Concrètement, comment cela se traduit-il ?

Dorian, 20 ans, accompagné par la Touline de Lyon (c) Lucile Barbery/Apprentis d'Auteuil

Par un préalable obligatoire : rechercher une solution de placement pour les enfants concernés d’abord dans l’environnement familial. Dans cette logique, c’en est fini du recours systématique à l’hébergement de certains jeunes en hôtel, à la fois source d’insécurité et incompatible avec une prise en charge de qualité. Dans le même esprit, la loi souhaite développer le parrainage de proximité avec des adultes référents bénévoles, qui ne soient plus seulement des professionnels de la protection de l’enfance.
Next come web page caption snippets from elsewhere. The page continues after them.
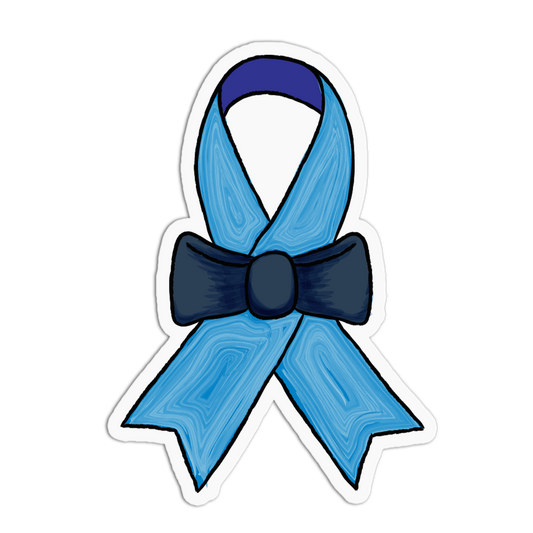Blue Ribbon Bow tie Cancer Awareness Sticker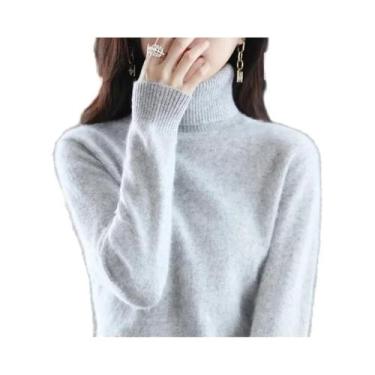 Imagem de Suéter De Cashmere Com Gola Alta Em Plush De Mink Para Mulheres Outono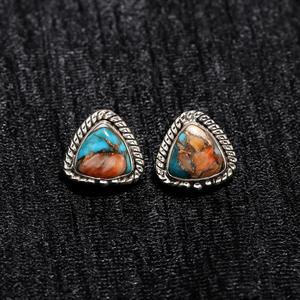 <b>Turquoise</b> <b>Earrings</b> Oyster Copper <b>Turquoise</b> <b>Stud</b> <b>earrings</b> December birthstone Triangle <b>earrings</b> Boho <b>Earrings</b> At Best Price - Product Image 3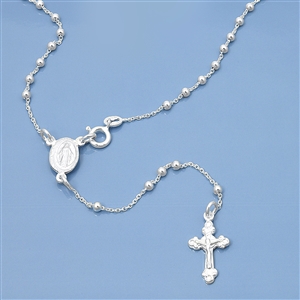 Silver Rosary Necklace - 2.5 mm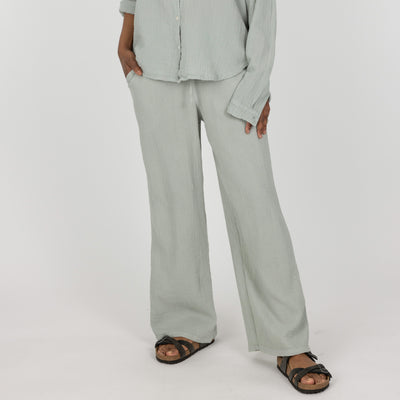 Womens Cotton Double Gauze Pants - Metal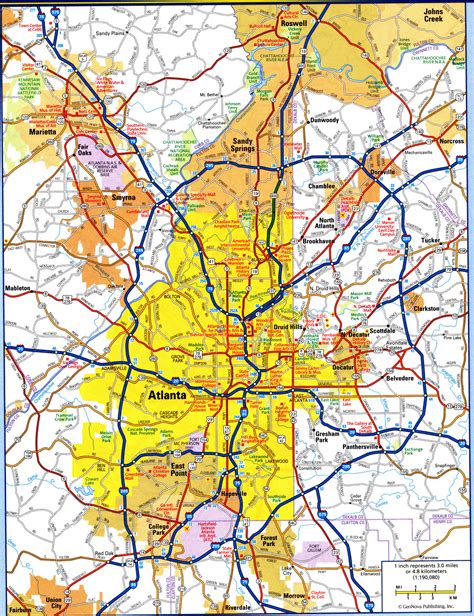Atlanta Ga City Map Free Detailed Map Of Atlanta City Georgia Pdf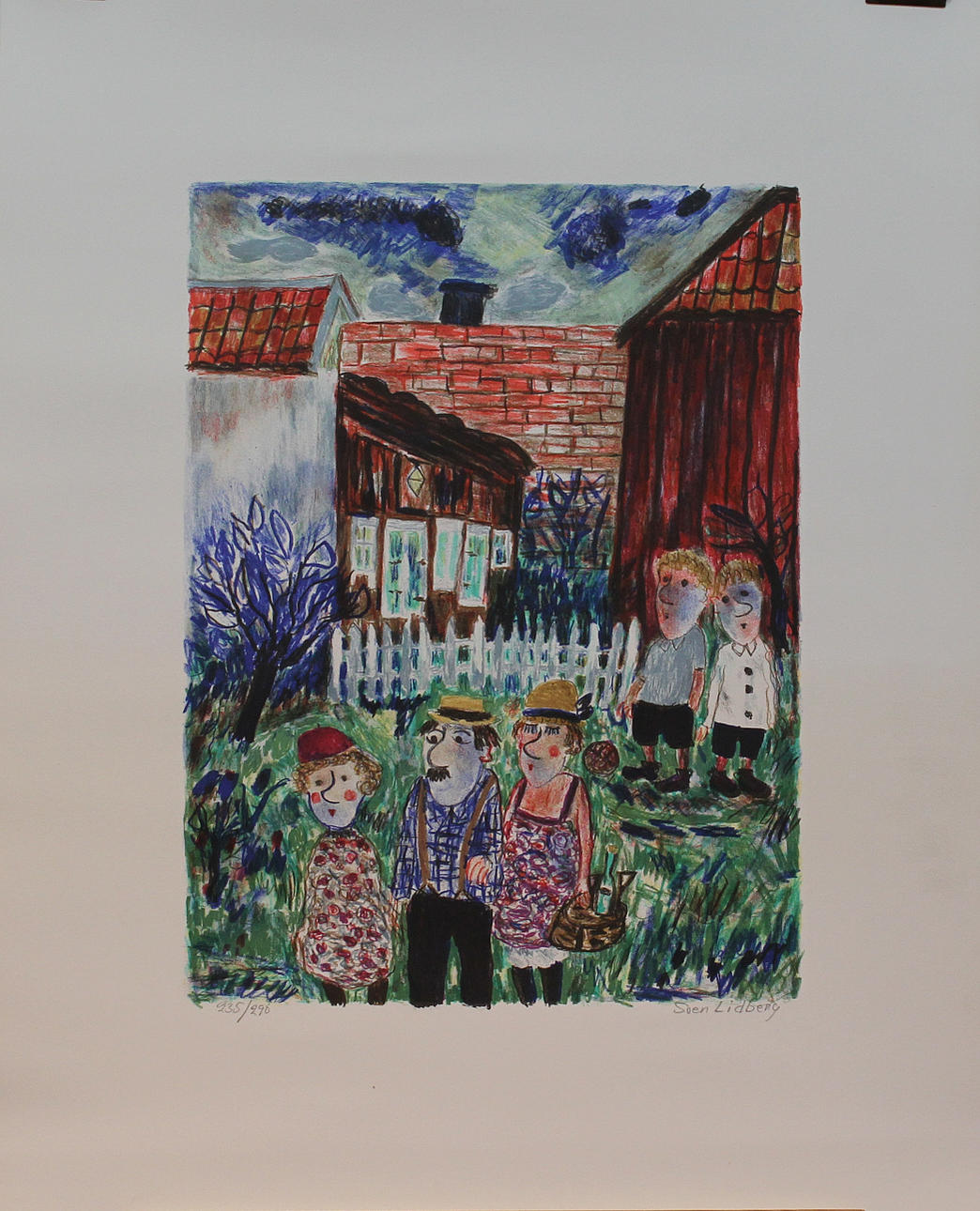 SVEN LIDBERG. I köksträdgårdemn. Färglitografi. Signerad. 235/290.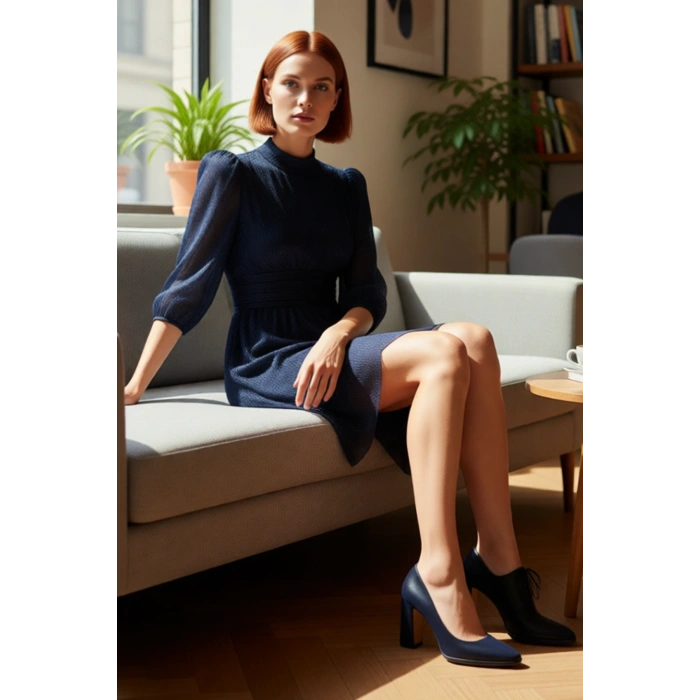 Kadın Dik Yaka Truvakar Balon Kol Fermuarlı Astarlı Kısa Örme A Kesim Abiye Elbise Gece Şıklığı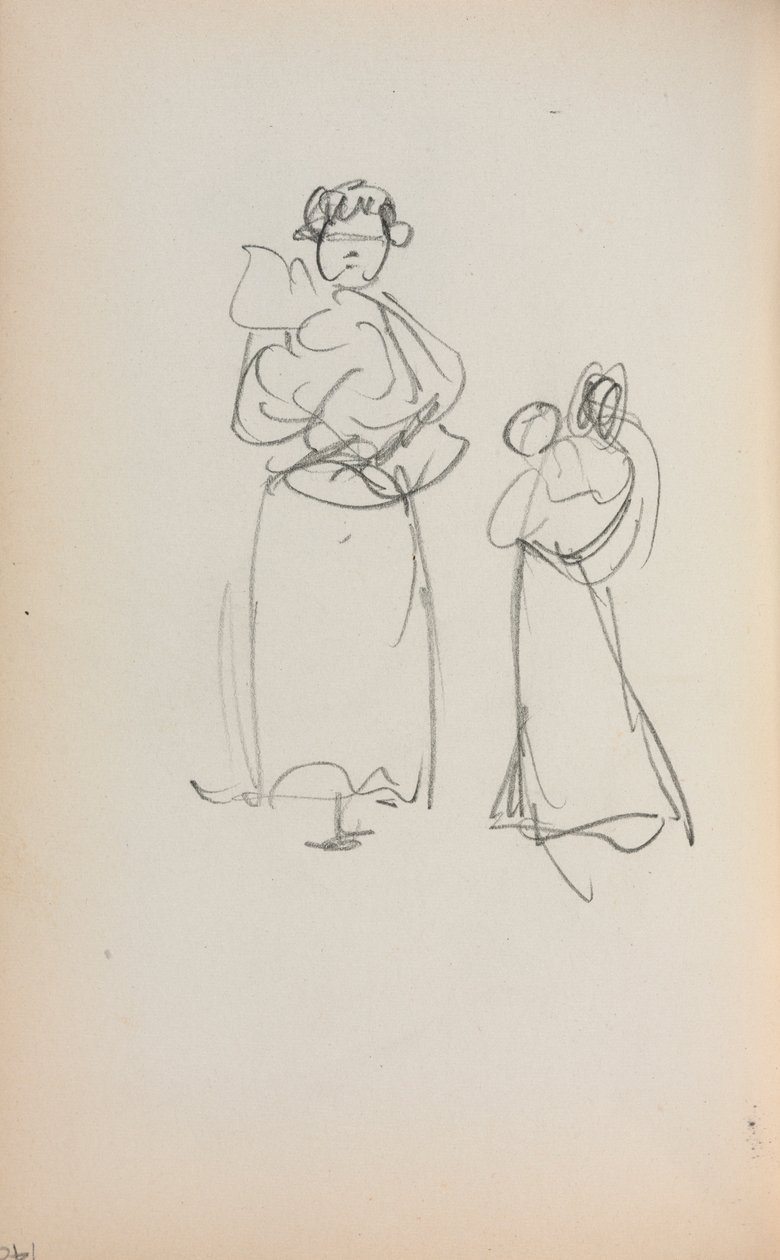 İtalyan Eskiz Defteri: Bebekleri Tutan İki Ayakta Kadın sayfa 140, 1898-1899. by Maurice Brazil Prendergast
Quant aux fratries, leur accueil devra être renforcé de façon à préserver le lien familial qui les unit.

Et vos points vigilance ?

Rappelons d’abord que nous sommes en attente des 21 décrets qui doivent préciser les modalités d’application de la loi. Dit autrement, nous en sommes aujourd’hui seulement au stade de l’intention législative, dont la traduction pratique reste encore très floue… Plus importante, cependant, est la question des jeunes majeurs pris en charge par l’Aide sociale à l’enfance (ASE) à la sortie de leur placement. La nouvelle loi oblige désormais les Départements à proposer une solution à ceux d’entre eux qui seraient sans ressources familiales ou sociales. C’est un progrès, mais cela reste une simple invitation à faire une proposition. Sans autre impératif, on sait que toutes les collectivités ne joueront malheureusement pas le jeu…
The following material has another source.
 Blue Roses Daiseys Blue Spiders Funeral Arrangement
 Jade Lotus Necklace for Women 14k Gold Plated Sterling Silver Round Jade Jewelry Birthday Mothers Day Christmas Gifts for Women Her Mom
Et les familles, dans tout ça ?

Elles sont les grandes absentes de la loi ! Alors que le texte prévoit, en matière de gouvernance, l’intégration d’un collège d’enfants, actuels ou anciens de la protection de l’enfance, rien n’est dit sur ce qu’on peut faire de mieux avec les parents. Ce refus de les associer à la réflexion participe d’un débat idéologique typiquement français, qui disqualifie d’emblée les parents concernés en tant que parents défaillants sur lesquels on ne pourrait définitivement pas compter. Pourtant, les mesures de protection de l’enfance prises au titre de l’assistance éducative ont vocation aussi à aider le maximum d’entre eux à retrouver leurs capacités parentales, quand bien même cette restauration n’est pas toujours possible. Apprentis d’Auteuil se bat pour que leur expression soit enfin reconnue, afin que nous sachions comment mieux les accompagner.